MAP International responds with medicines and medical supplies for the victims of Mozambique flooding

News and Press Release
Originally published
Brunswick, GA, March 2, 2000 The human tragedy in Mozambique continues with the release of billions of gallons of overflow from the Kariba Dam in Zimbabwe. Fearing for their safety, authorities are instructing people to seek higher ground. Over 40,000 people living in the city of Chokwe, 125 miles north of the capital of Maputo, were hit with a six-foot wall of water which completely submerged the town and continues to flood cities in its unrelenting rush to the sea. Low-lying areas along the Save River are totally flooded. Thousands of people have been affected.
Officials state that an accurate count of dead and homeless is made more difficult by the inaccessibility of bridges and roads washed away in the flooding. Many families were trapped when their homes were destroyed. The lack of aircraft for aerial surveillance further impairs rescue efforts. Hundreds of thousands remain homeless and nearly a million people are susceptible to starvation and disease. Families who remain stranded in trees and rooftops are losing all hope of being rescued.

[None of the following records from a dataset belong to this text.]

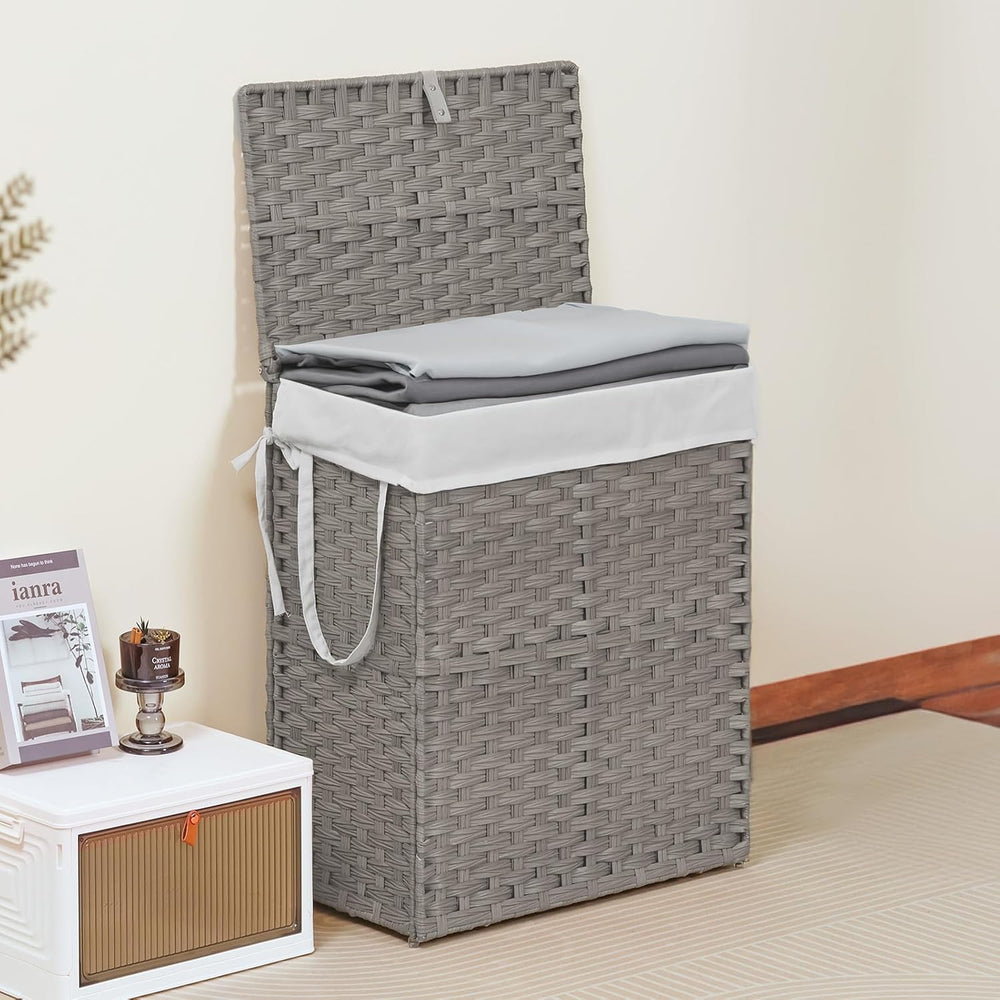 90L Laundry Hamper with Lid, Hand-Woven Pp Rattan Laundry Basket with Compart...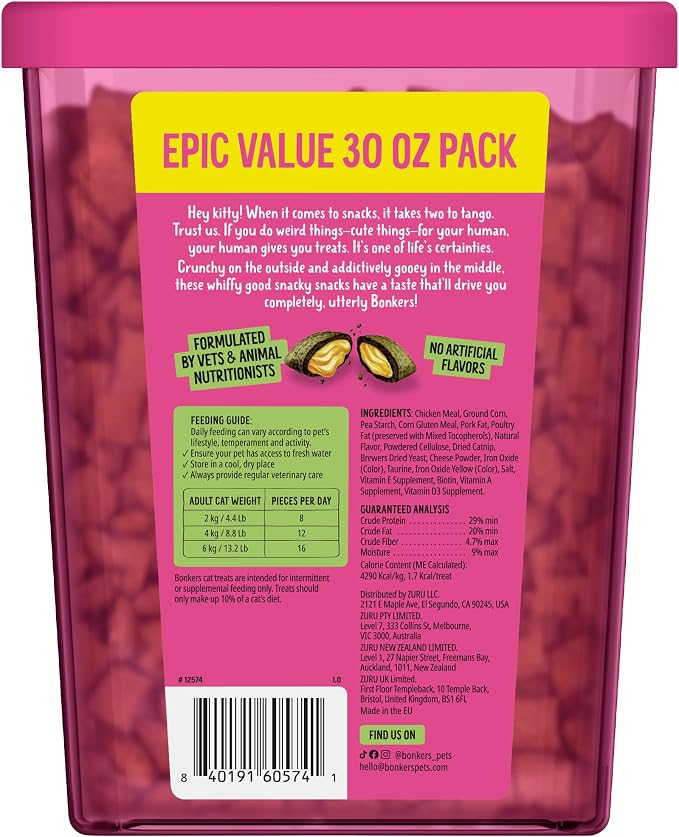 Bonkers Bites Catnip & Chick 'N' Cheddar Flavor Crunchy & Soft Treats for Cats, 30oz Tub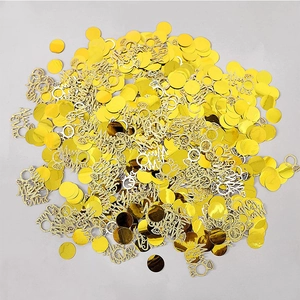 Golden Miss to Mrs confetti set with diamond rings for bridal shower table decoration
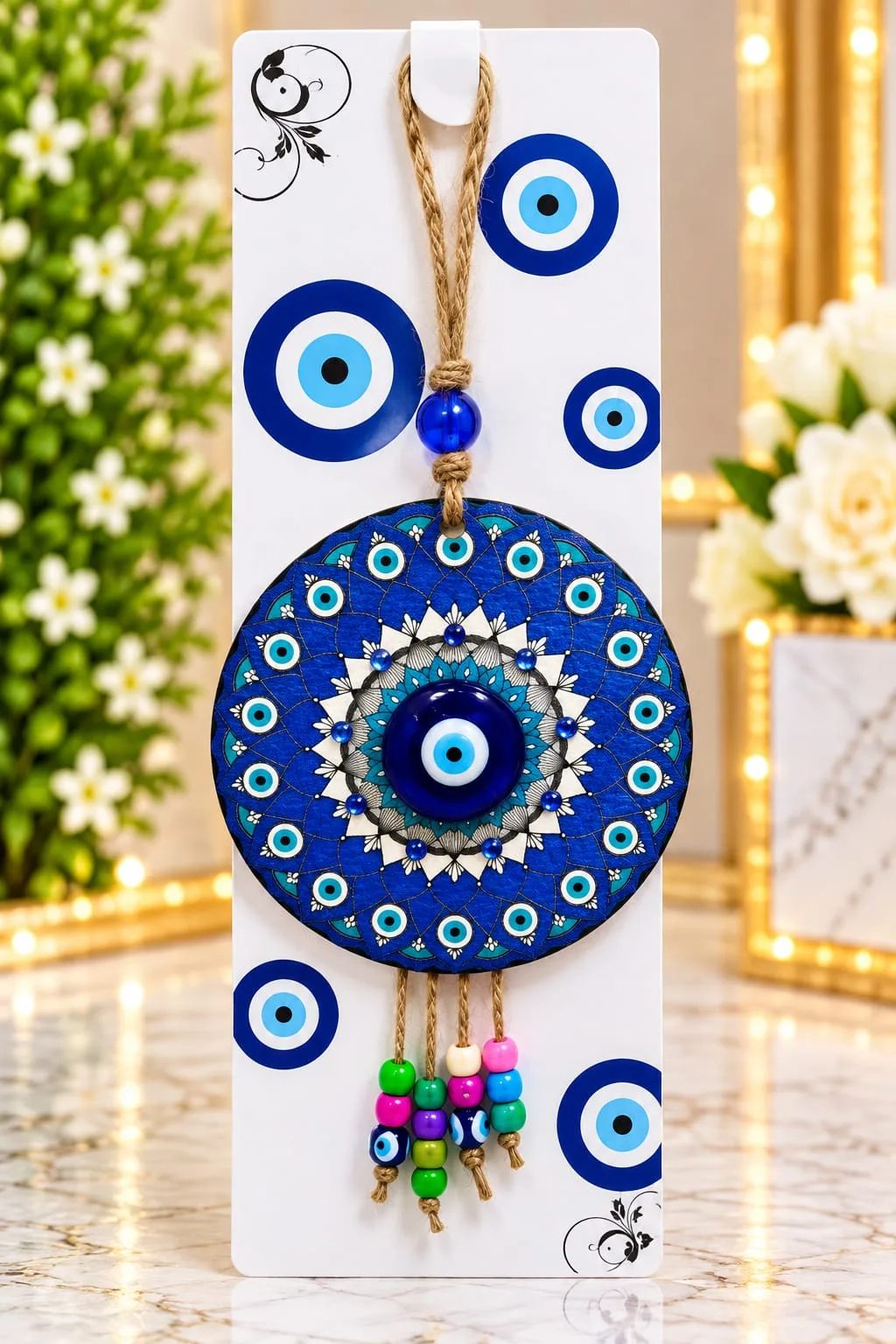 Colgante Mandala con Ojo Turco Azul Oscuro y Blanco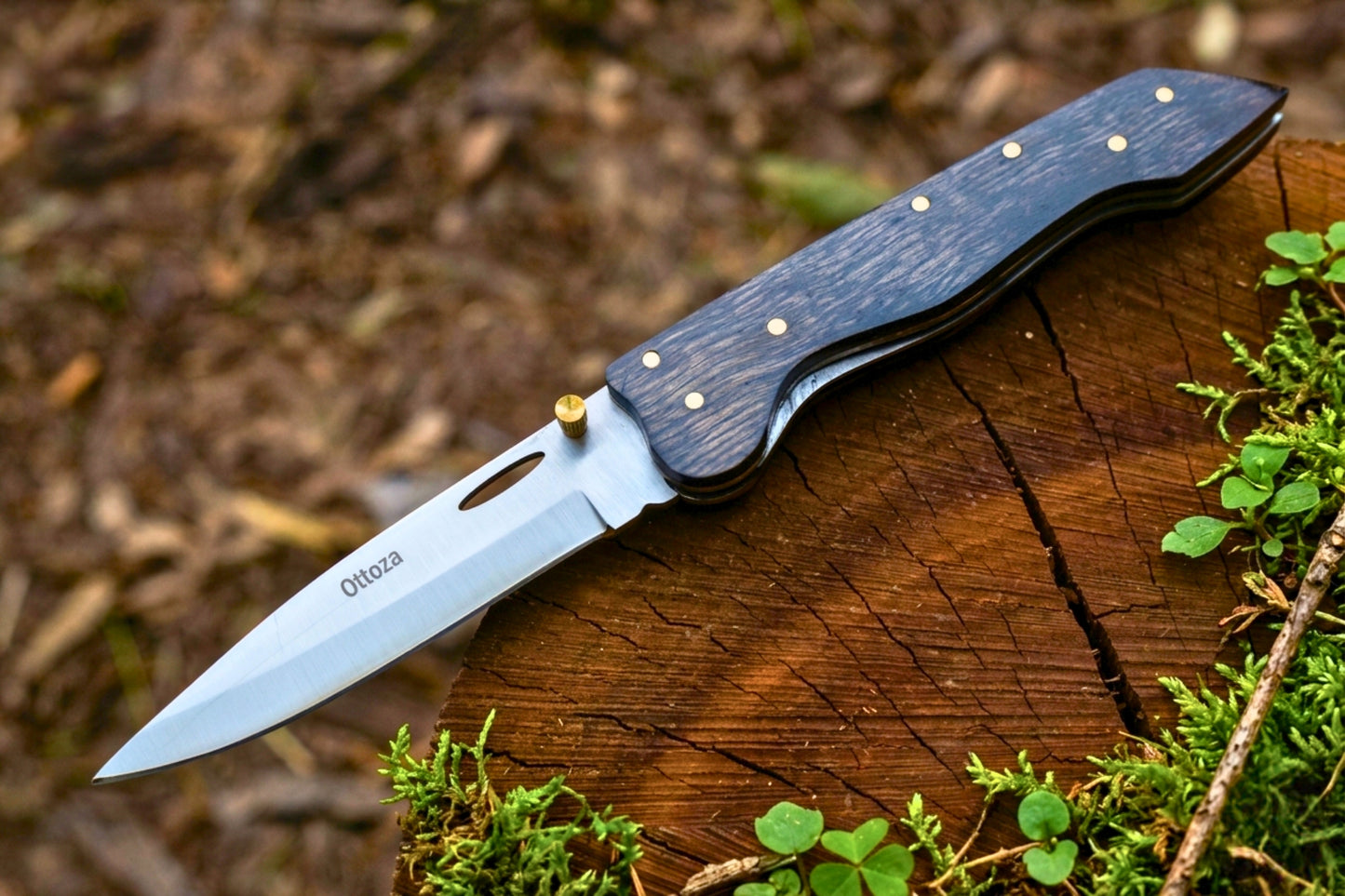 Custom Stainless Steel Folding Pocket Knife | Dark Pakkawood Handle | Leather Cover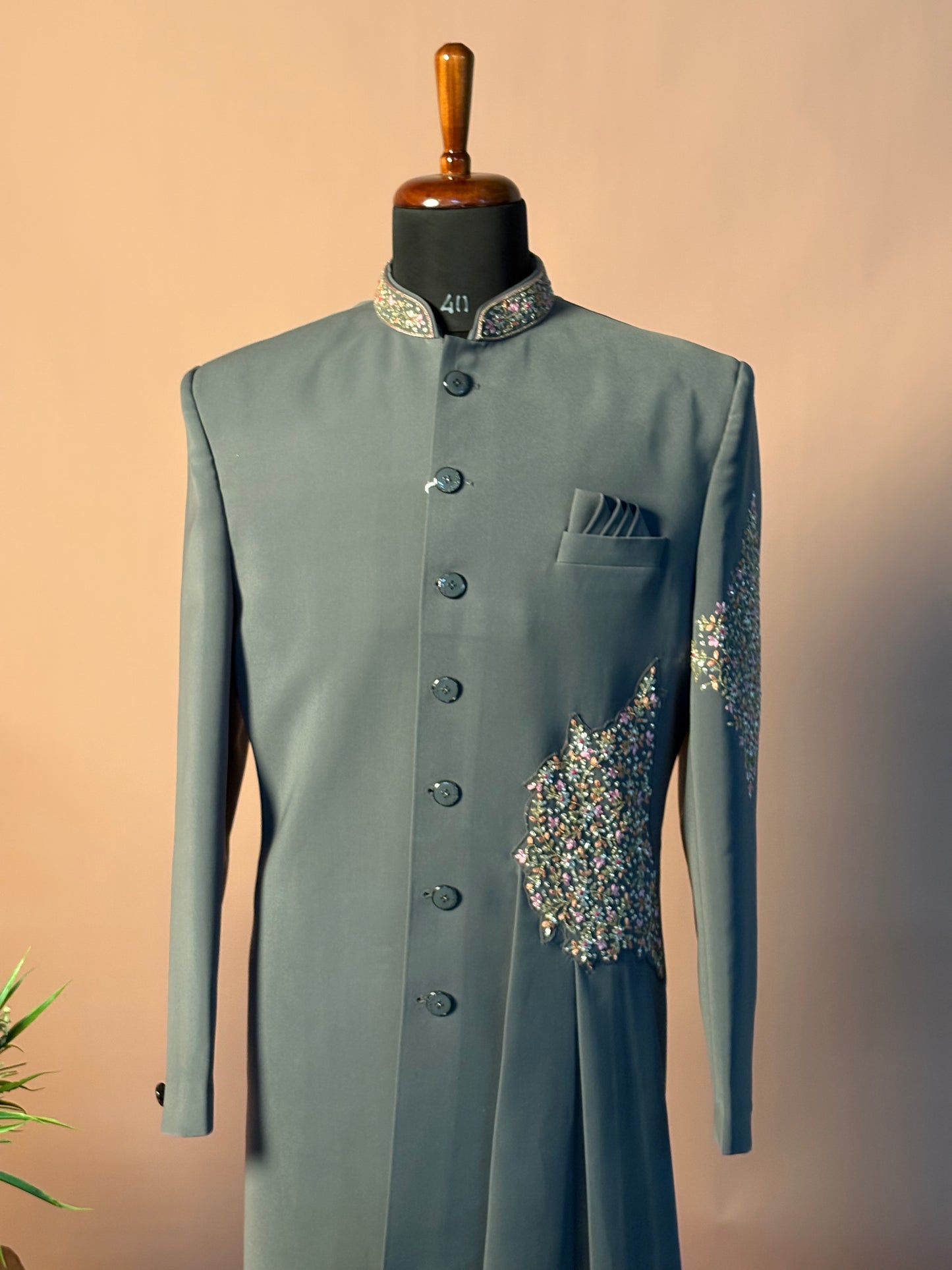 Dusty Teal Asymmetric Indo-Western with Hand Embellished Details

In the first phase of a three phase strategic plan, MAP, in partnership with Food for the Hungry (FHI) will provide over one ton of medicines and medical supplies. "Our main concern right now," stated John Garvin, MAP's director of disaster relief, "is the dramatic increase of Cholera, Malaria and other water-borne diseases." These shipments include antibiotics for Cholera and other bacterial diseases; antiparasitics; Chloroquine for malaria; oral rehydration salts for intestinal illness; water purification tablets and trauma supplies. Thousands, desperate for medical care, will be treated.

These long-dated medicines and supplies were specifically requested and will be shipped into Maputo and transported to the coastal city of Beira for distribution.

MAP International is a nonprofit Christian relief and development organization.